══ INFORMATION PROVIDED

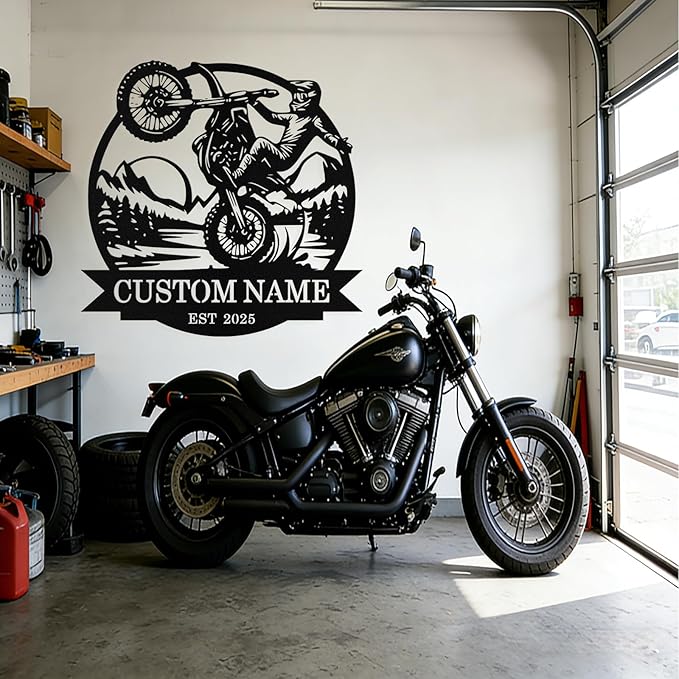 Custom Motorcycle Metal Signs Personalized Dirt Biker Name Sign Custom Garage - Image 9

════
══ INFORMATION PROVIDED

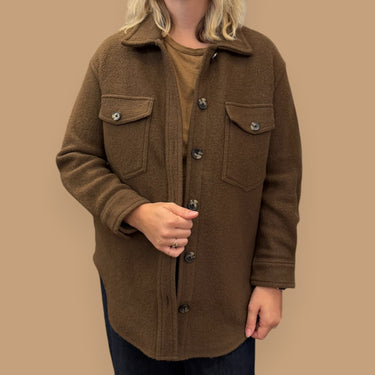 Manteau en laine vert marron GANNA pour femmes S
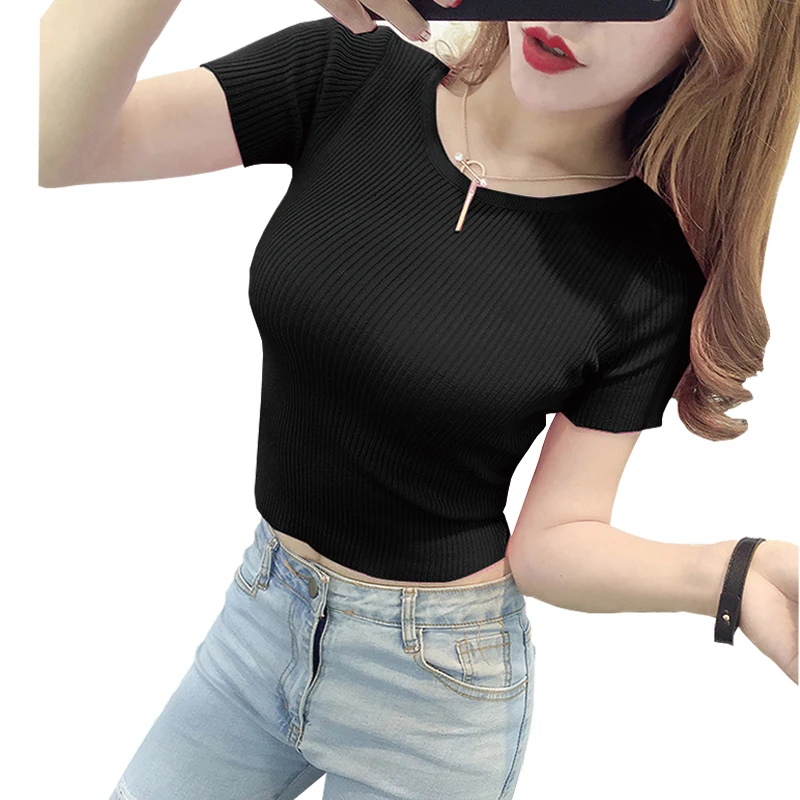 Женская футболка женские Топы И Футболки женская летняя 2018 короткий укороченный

════

- [EXERCISE DESCRIPTION]
An exact copy is needed. It runs from the line above containing "Manteau en laine" down to the line containing "Женская футболка женские", both included, with no pictures.

- [TASK RESPONSE]
 Manteau en laine vert marron GANNA pour femmes S
 Женская футболка женские Топы И Футболки женская летняя 2018 короткий укороченный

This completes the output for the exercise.